# Powder coated Valve cover



## latenightcustom (Oct 13, 2005)

I just got a spare valve cover for my 1993 Nissan Altima. I powder coated it a black gold. 
























What do you guy/gals think?


----------



## NotAnotherHonda (Aug 7, 2003)

i like that color alot


----------



## Dustin (Dec 14, 2003)

reminds me of the top secret gold a bit, but you should sand down the letters, and see if they have a high temp clear powder for it. that would make it look hot.


----------



## latenightcustom (Oct 13, 2005)

Dustin said:


> reminds me of the top secret gold a bit, but you should sand down the letters, and see if they have a high temp clear powder for it. that would make it look hot.

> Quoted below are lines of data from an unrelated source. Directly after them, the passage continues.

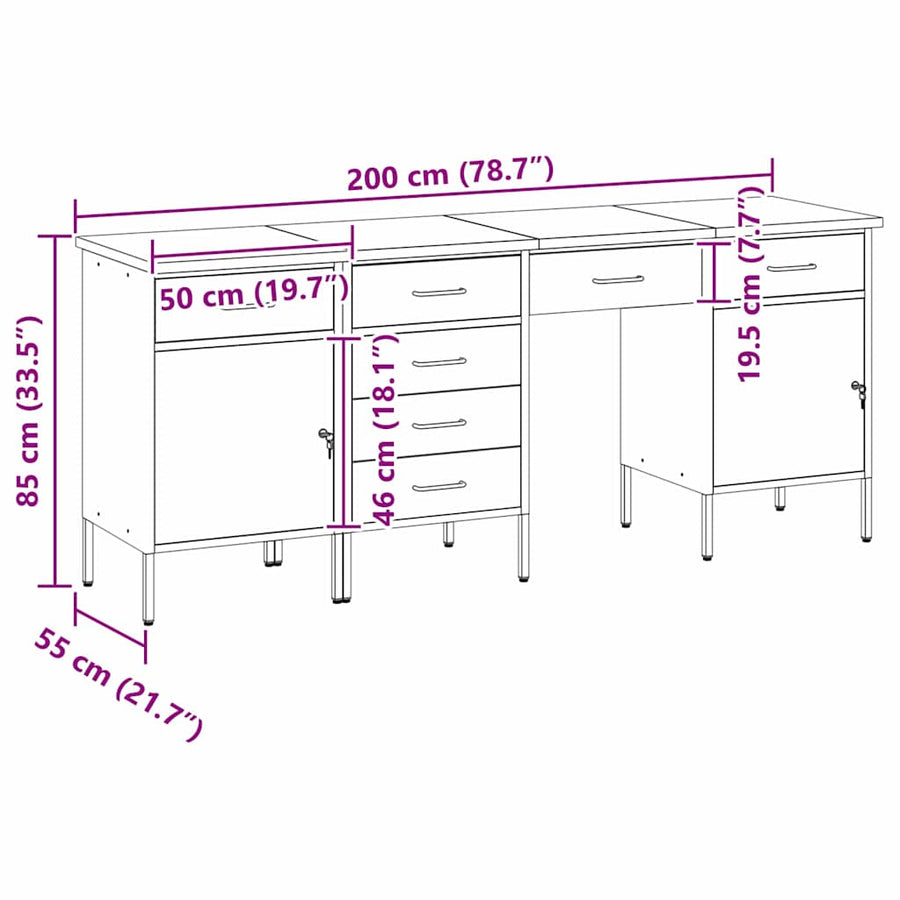 Werk kast met lade 4 pcs Zwart Engineered hout en staal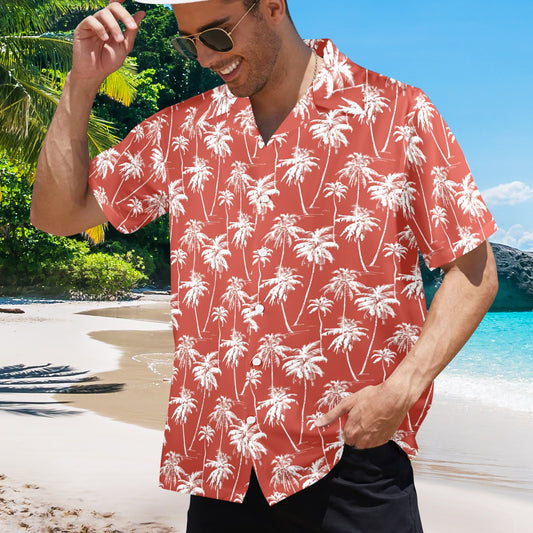 Red and White Men Hawaiian shirt, Palm Trees Designer V Neck Vintage Aloha Hawaii Retro Summer Tropical Beach Plus Size Guys Button Down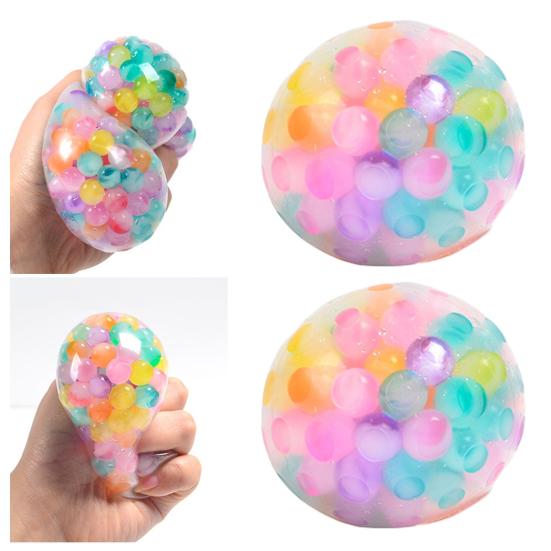 Rainbow Bead Stress Ball with Glitter Soft TPR Squeeze Toy for Anxiety Relief Colorful Fidget for Kids Adults Fun Decompression Gadget
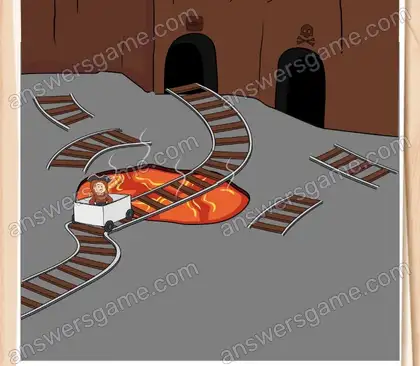 Utilisez le chariot de mine pour atteindre le trésor. Brain Test 2 Niveau 18 solution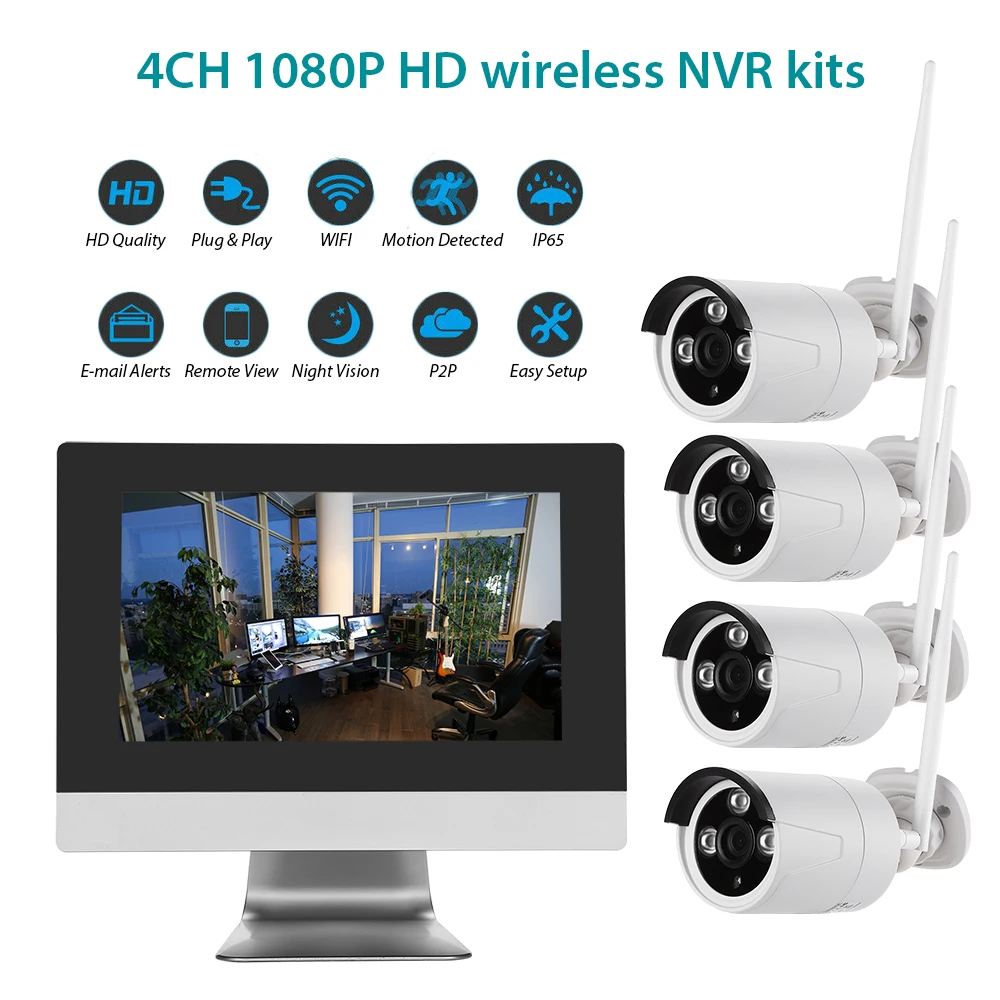Wifi CCTV Camera System 4CH 1080P HD Wireless Security Camera DVR NVR Kit Waterproof Outdoor Home Video Surveillance System Cam
Wifi CCTV Camera System 4CH 1080P HD Wireless Security Camera DVR NVR Kit Waterproof Outdoor Home Video Surveillance System Cam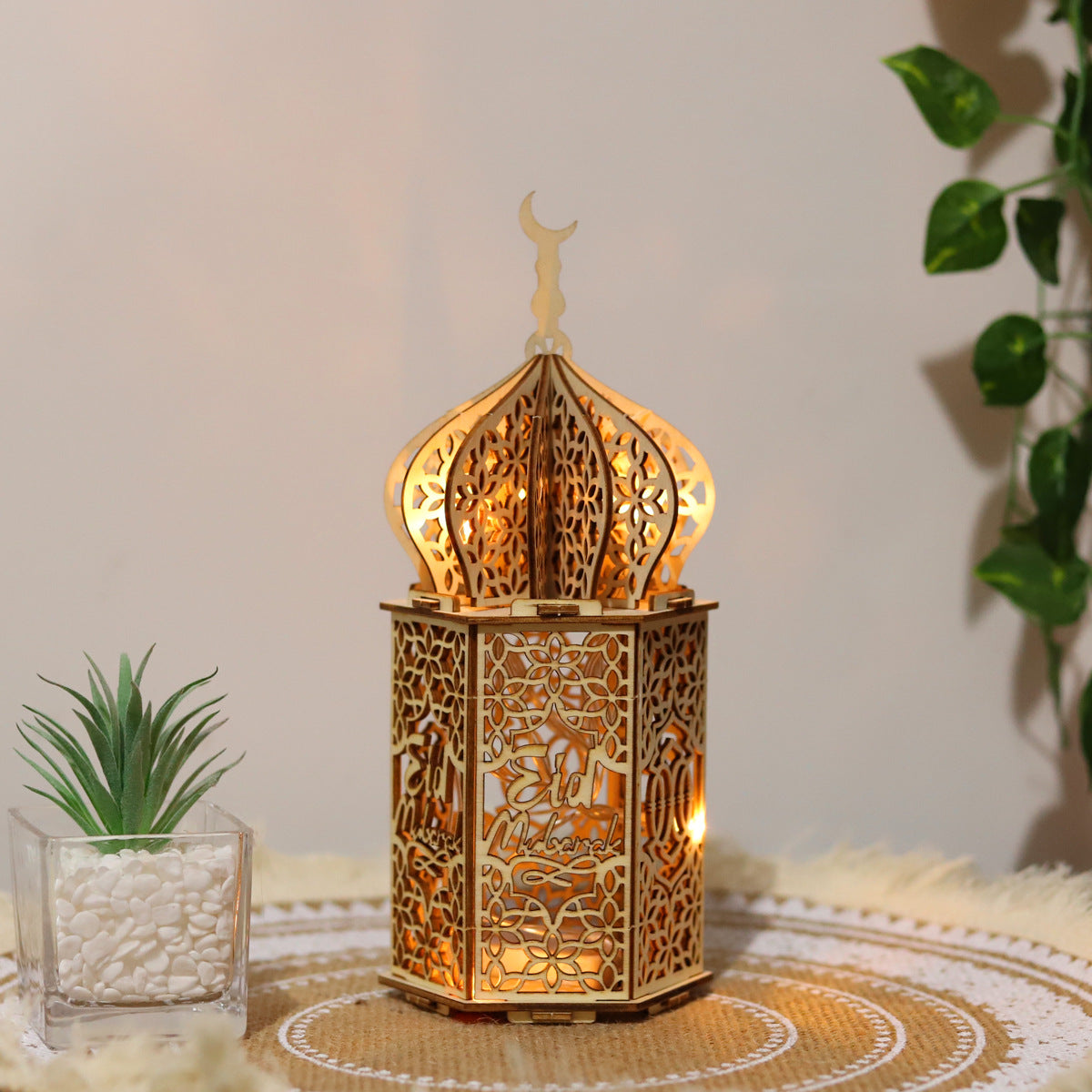 Ramadan Kareem LED Wooden Lantern Eid Mubarak Decoration for Home 2023 Islamic Muslim Party Supply Eid Al-Fitr Ornaments Lantern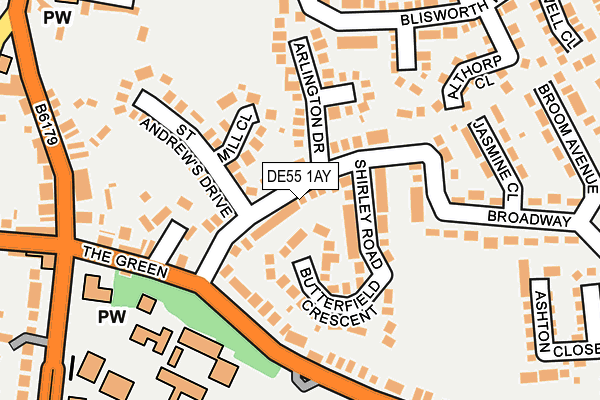 DE55 1AY map - OS OpenMap – Local (Ordnance Survey)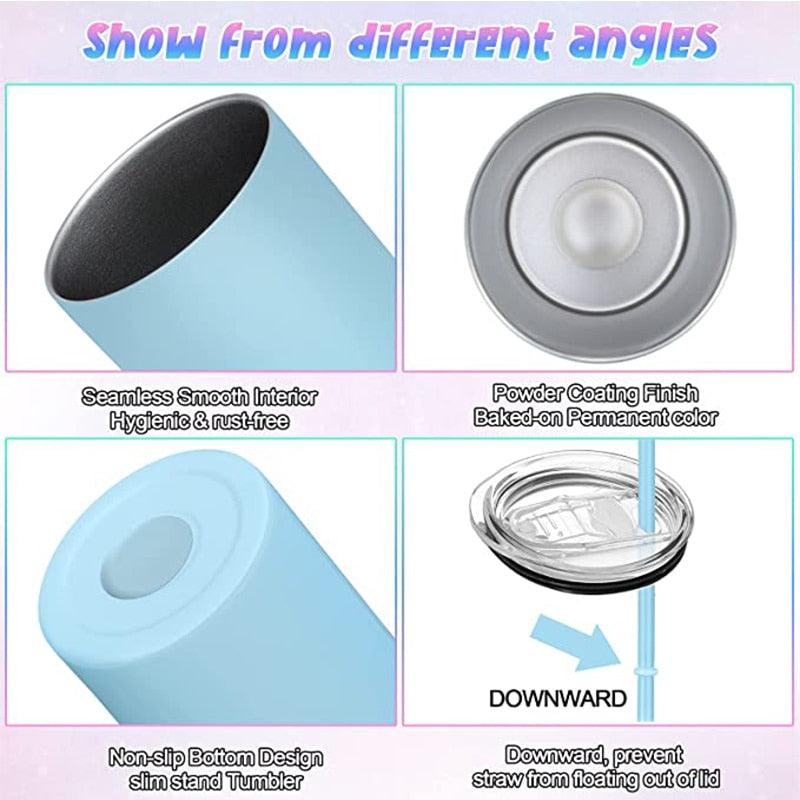 Skinny  Stainless Steel Thermos Water Bottle With Straw Insulated Cup Sealed Lid Colored Bachelorette Party  Double Wall Vacuum Insulated Tumbler Cup Reusable Slim Travel Mug with Cleaning Brush for Coffee Cold Hot Drinks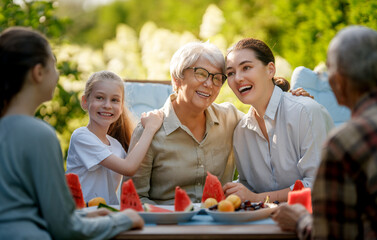 family spending time together in summer morning
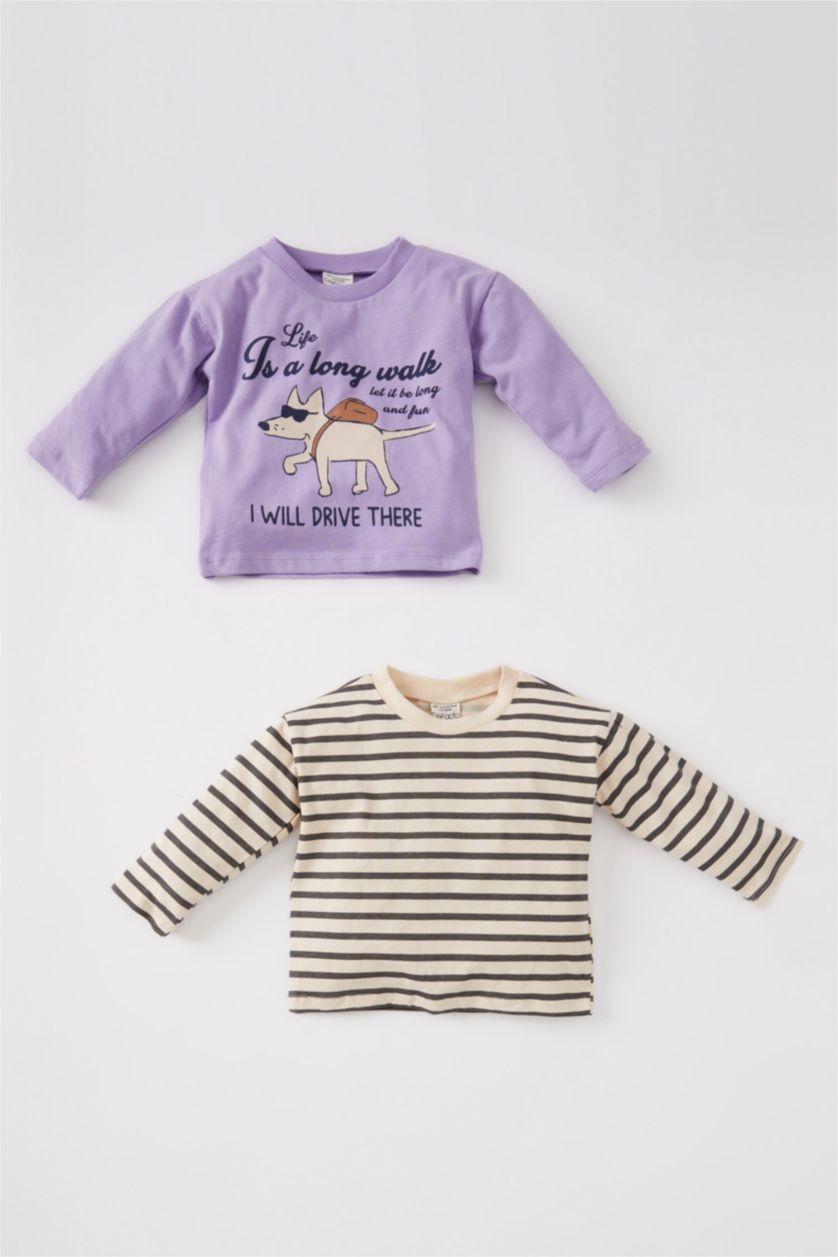 Erkek Bebek Lila Erkek Bebek Çizgili  Bisiklet Yaka Penye 2'li Uzun Kollu Tişört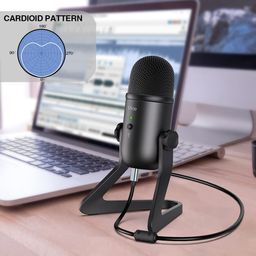 FIFINE K678 Unidirectional USB Podcast Microphone for Recording Streaming on PC and Mac, Condenser Computer Gaming Mic for PS4 with Headphone (Black) image 2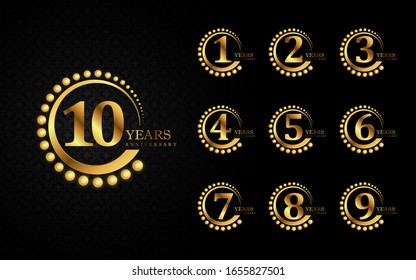 Luxury golden of set number logotype and emblem for anniversary celebration event. Vector design can use for booklet, leaflet, magazine, poster, web, invitation, greeting card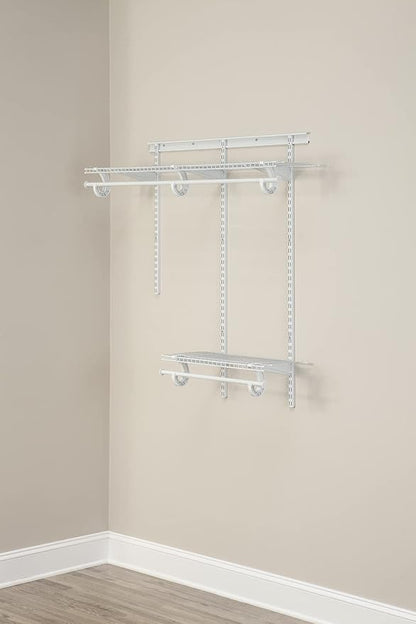 ClosetMaid ShelfTrack Wire Closet Organizer System, Adjustable from 2 to 4 Ft., With Shelves, Clothes Rods, Hardware, Durable Steel, White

They do have a clear powder coat but it dose not need it. I did not want to shave this valve cover, maybe the Valve cover that is on the car.


----------



## MorrisPowderCoating (Jan 14, 2006)

*Looks really good! Who makes that color powder?

Kevin*


----------



## LIUSPEED (May 29, 2002)

wow that a really hot looking valve cover !


----------



## TheMadCheshire (Dec 30, 2004)

thats looks hott! Nice gold color. where didja find that gold color?


----------



## latenightcustom (Oct 13, 2005)

MorrisPowderCoating said:


> *Looks really good! Who makes that color powder?
> 
> Kevin*


I made the color. It is 100% custom mix. I was looking at it today and I have been thinking of Clear coating it so it has even more pop.


----------



## urbanracerone (Apr 25, 2003)

thats looks real good.


----------